1Hamilton A, Mitchison D, Basten C, Byrne S, Goldstein M, Hay P, Heruc G, Thornton C, Touyz S. Understanding treatment delay: Perceived barriers preventing treatment-seeking for eating disorders. Aust N Z J Psychiatry. 2022 Mar;56(3):248-259. doi: 10.1177/00048674211020102. Epub 2021 Jul 12. PMID: 34250844.

2Keski-Rahkonen A, Raevuori A, Hoek HW. Epidemiology of eating disorders: an update. Annual Review of Eating Disorders: CRC Press 2018:66-76.

3Becker, A. E., Franko, D. L., Speck, A., & Herzog, D. B. (2003). Ethnicity and differential access to care for eating disorder symptoms. International Journal of Eating Disorders, 33(2), 205-212. doi:10.1002/eat.1012.

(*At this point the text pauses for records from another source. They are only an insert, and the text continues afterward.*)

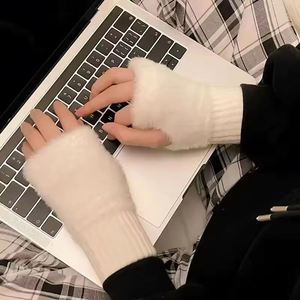 Gants longs pour femmes, solides, mi-doigts, pour l'hiver, l'écriture, la conduite, le bureau, le tricot, écran tactile, chauffe-mains - Product Image 2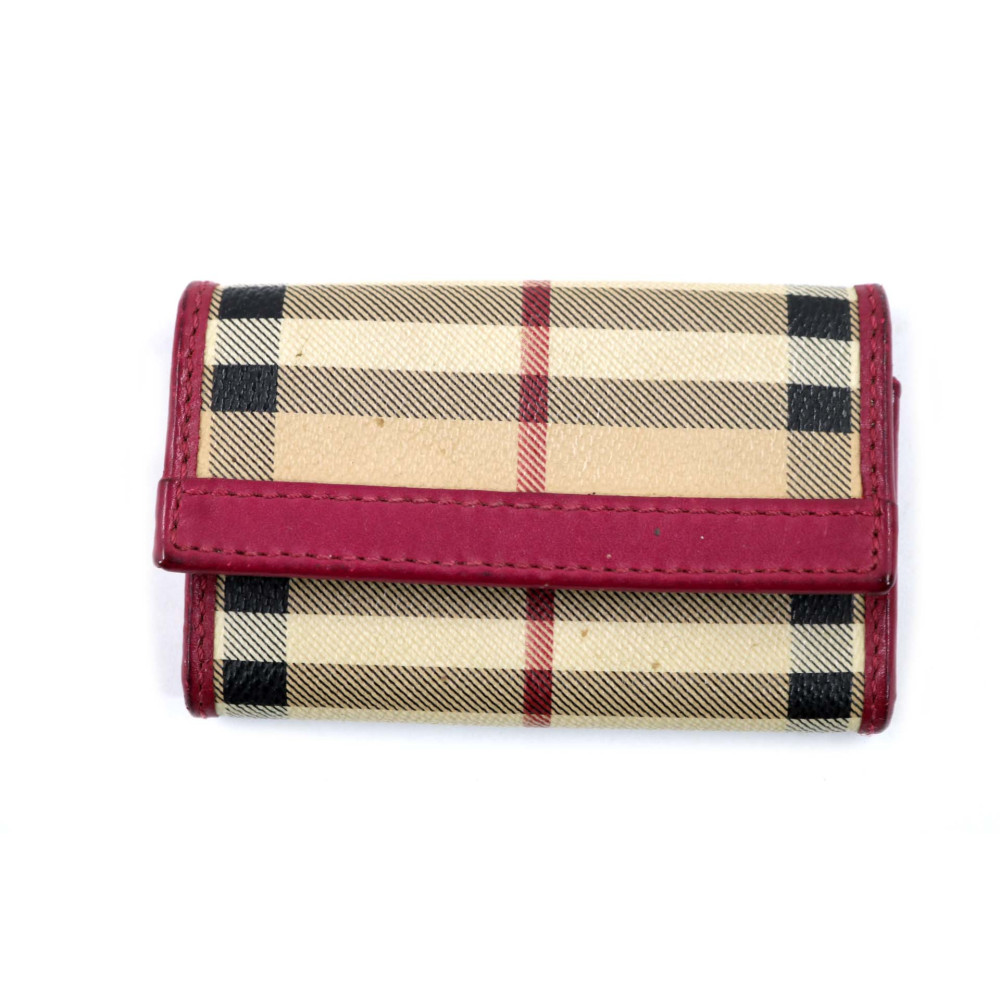 Burberry Portachiavi Check Beige e Fucsia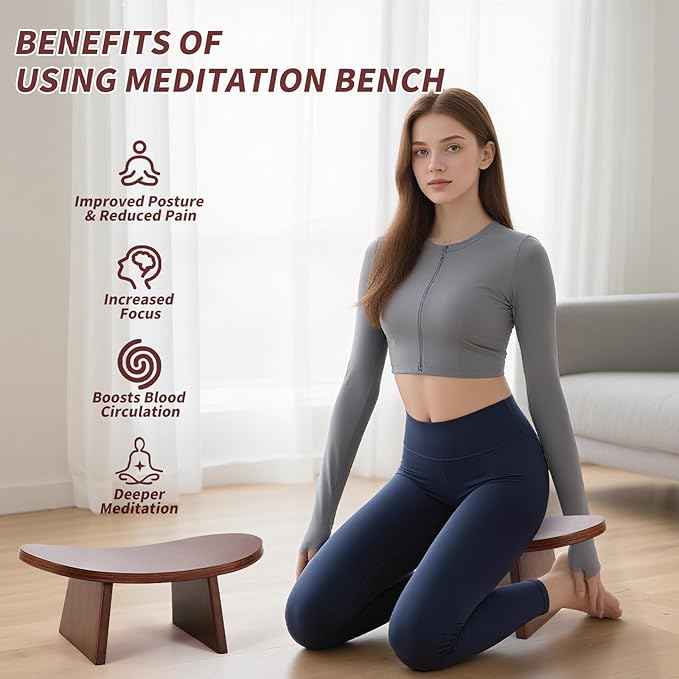 Meditation Bench - Wooden Ergonomic Kneeling Stool for Yoga, Prayer, Travel, Mindfulness, Zen Practice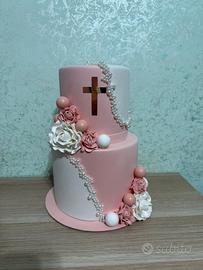 Torta scenografica comunione bimba
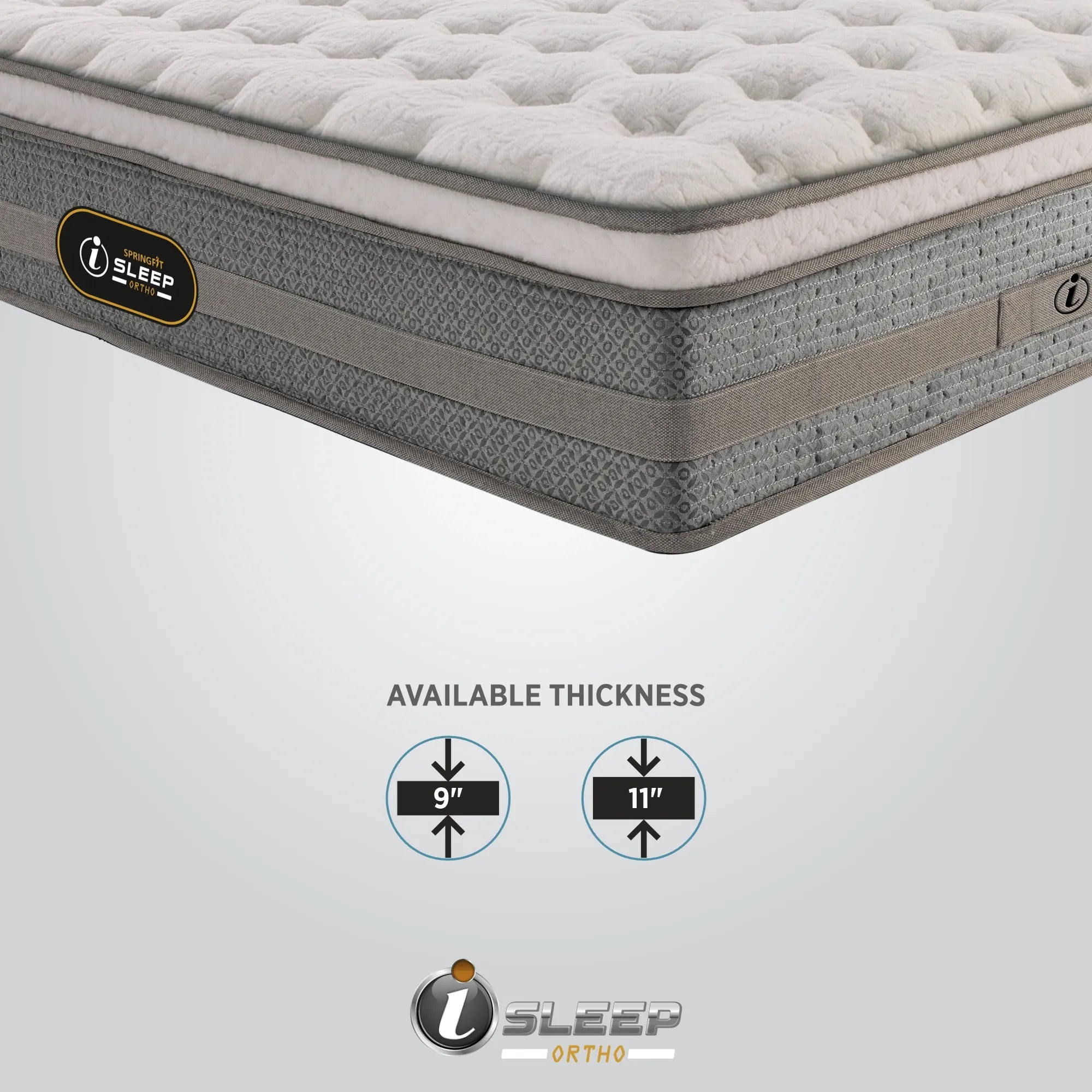 Corner close-up of the Springfit iSleep Ortho mattress with an infographic below showing the two available thickness options: 9 inches and 11 inches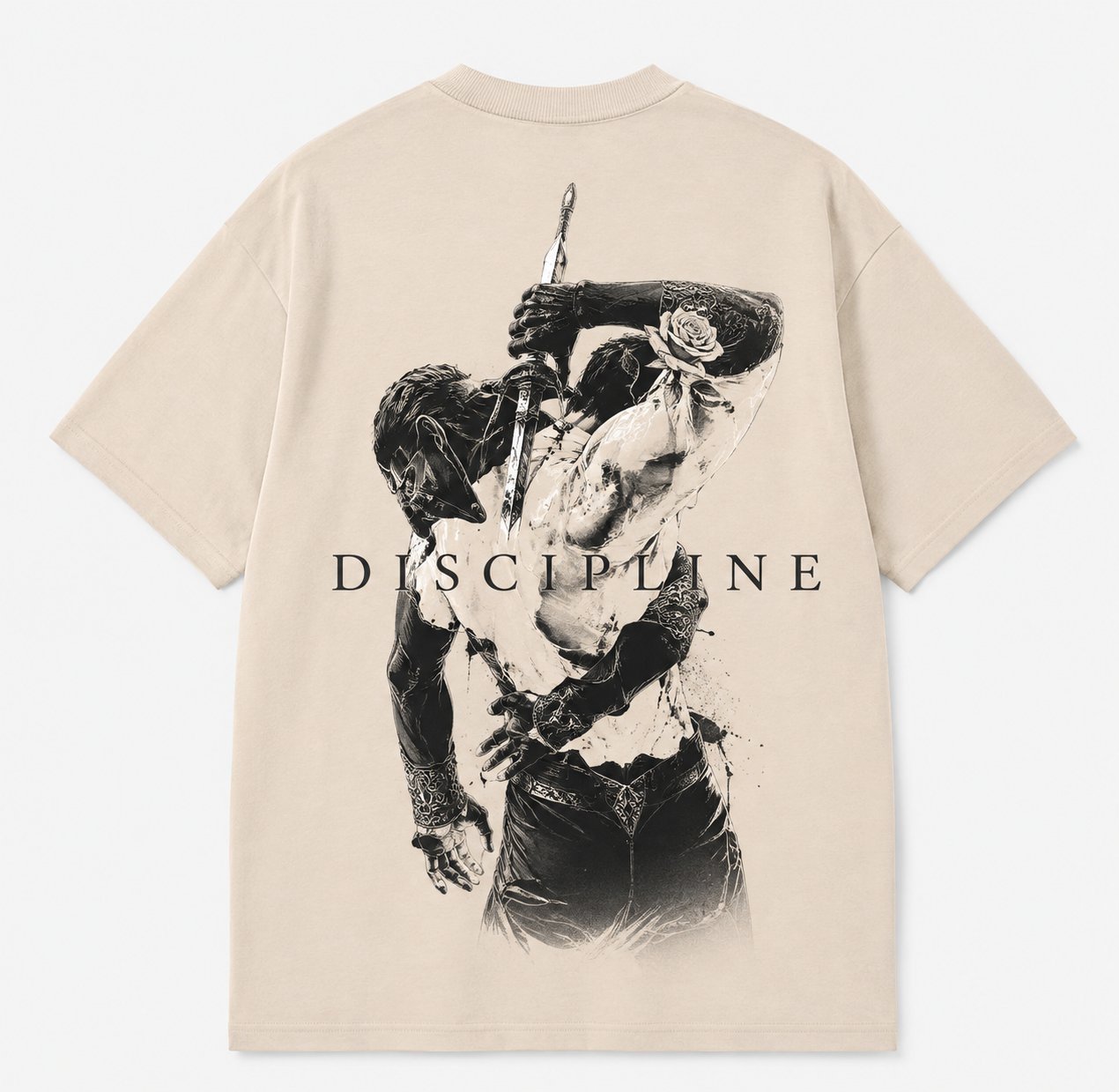 T-shirt beige oversize, 100% coton, grammage 250 g/m², qualité haut de gamme.
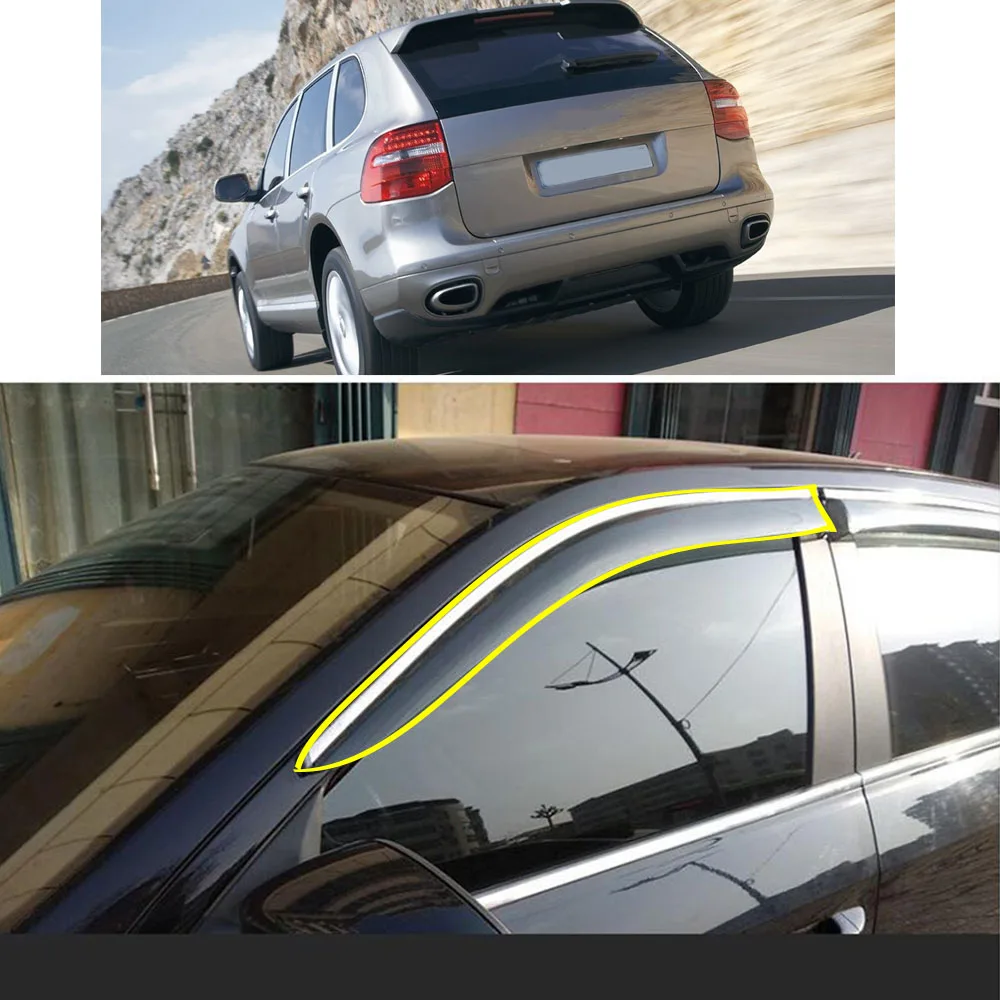 

Car Body Styling Sticker Plastic Window Glass Wind Visor Rain/Sun Guard Vent Parts For PORSCHE Cayenne 2006 2007 2008 2009 2010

4Flament, M., Henderson, K., Buchholz, A., Obeid, N., Nguyen, H., Birmingham, M., Goldfield, G. (2015). Weight Status and DSM-5 Diagnoses of Eating Disorders in Adolescents From the Community. Journal of the American Academy of Child & Adolescent Psychiatry, Vol. 54, Issue 5, 403-411.

5Linardon, J., Rosato, J., & Messer, M. (2020). Break Binge Eating: Reach, engagement, and user profile of an Internet-based psychoeducational and self-help platform for eating disorders. International Journal of Eating Disorders, 53, 1719-1728.